In fact, both the decision and the concurrence express disdain for the legal standard, in Florida and in so many other states. Why, Justice O’Connor asked irritably during the oral arguments, could these voters not follow “clear instructions”? The concurrence actually devotes many lines to this sort of argument: “Florida law cannot reasonably be thought to require the counting of
improperly marked ballots
. . . . Each precinct . . . provides
instructions on how properly to cast a vote
”—as though voting were some form of test, which those aspiring to vote might pass or fail. The concurrence derides voters who cast “ballots that are not
marked in the manner
that these voting instructions explicitly and prominently specify”—in contrast to the machines, which perform “precisely in the manner designed.” (The machines performed, as it happened, poorly, and in some locations not at all.) Any other position, the concurrence goes on, in the diction that has become one of the Rehnquist Five’s defining characteristics, “is of course absurd.”
The difficulty remains: the standard for a “legal vote” is not an IQ test, or a test of classroom behavior that requires people to behave “properly” or to follow “instructions.” (The “instructions” in some counties, anyway, told the voter to make sure to “cast a vote on every page.” An unfortunate instruction: any voter who followed it would have produced an “overvote,” which the machine would disallow.) The accusatory, punitive, even contemptuous dismissal of voters whom the Court apparently deems too stupid to be allowed to vote at all (echoes here of the “literacy test” that used to accompany the poll tax in the South) dismisses as well what is, in Florida and most other states, the law: the test is, inescapably, the “intent of the voter.” It was according to this standard that the manual recount was proceeding when the Court brought it to a halt.
II.
The trouble with a swamp of a decision is that even to deal with it is to be drawn into it. The four dissents politely and eloquently demolished every element of both the decision and the concurrence, to the degree those elements could be articulated. Almost all subsequent commentary, whether in article or book form, demolished them in more detail. But always in ways that seem contingent. Some distinguished commentators have suggested that, if the Bush presidency turns out well, the decision will be vindicated.

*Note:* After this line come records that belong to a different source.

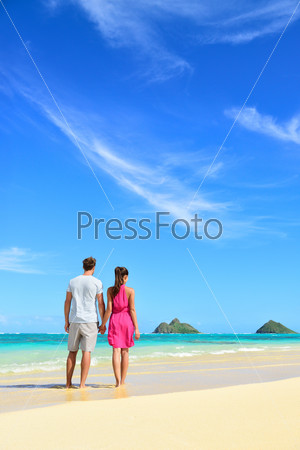 Beach vacation couple relaxing on summer holidays. Young people standing from behind holding hands looking at the ocean on Lanikai beach, Oahu, Hawaii, USA with Na Mokulua Islands.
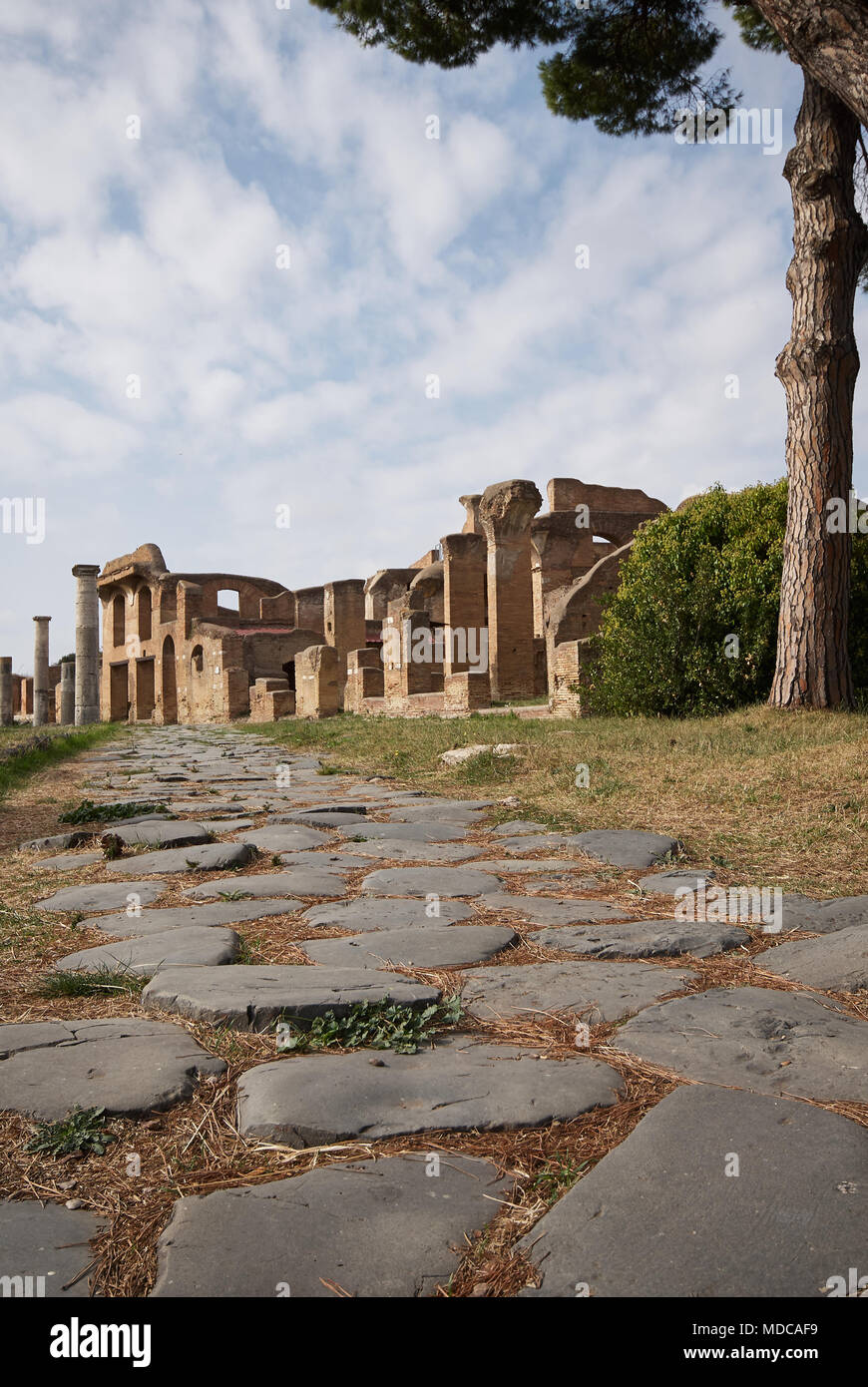 Roman road with the ruins of Ostia Antica in the background. Stock Photo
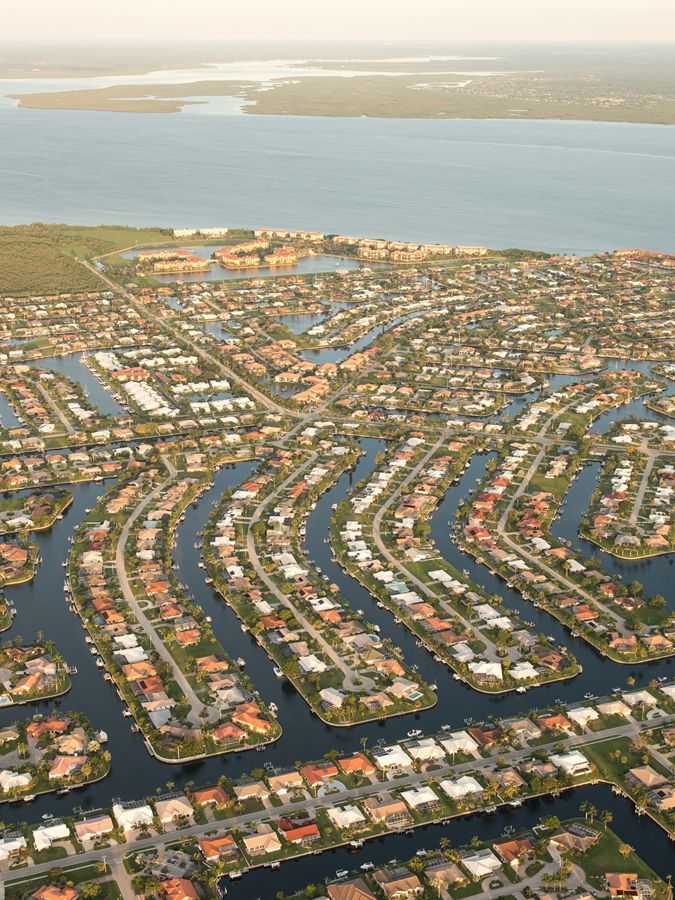 Aerial view of dense sea-side development.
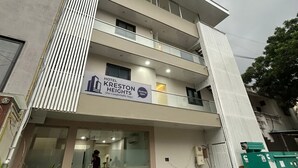 Ein mehrstöckiges Hotel mit einem Schild, auf dem 'Hotel Kreston Heights' und 'Buchungseröffnung' steht.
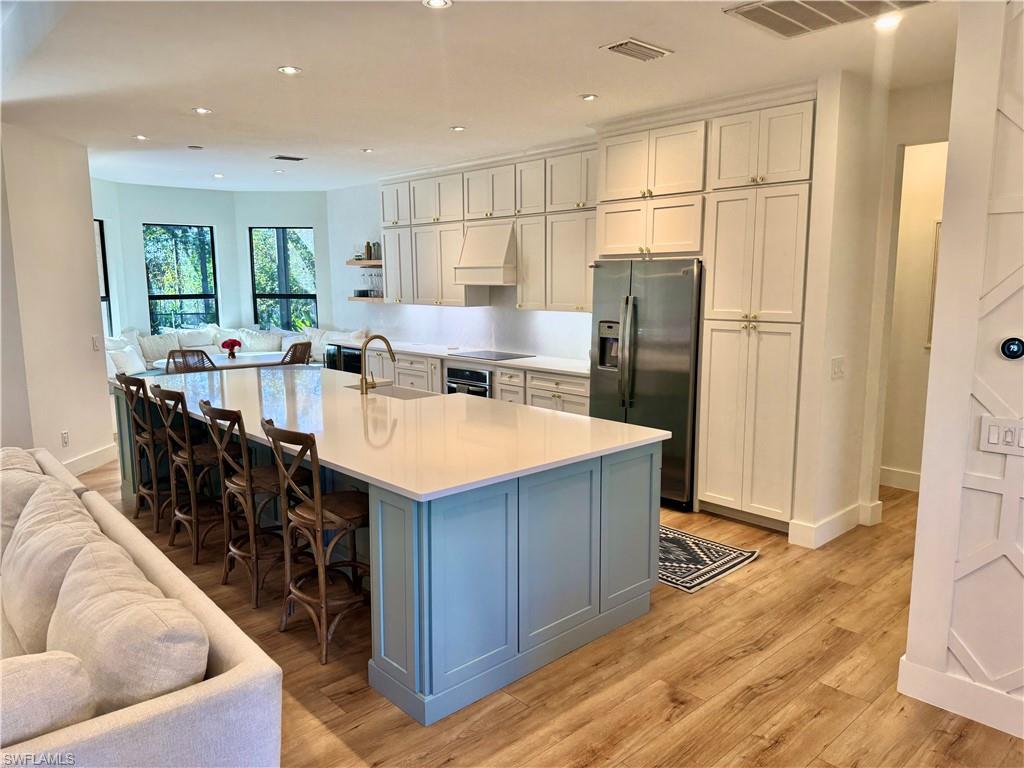 Kitchen with stainless steel appliances, a sink, open floor plan, light countertops, and an island with sink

Or they have pointed out that when the Supreme Court has made mistakes before, it has with time corrected them. Or even that the real precedent for this judicial aberration was
Roe v. Wade
, when the Court made a decision that might, they felt, have been better left to Congress or the states. But all of them, I think, understate the gravity of what has happened, and its possible consequences for at least a generation.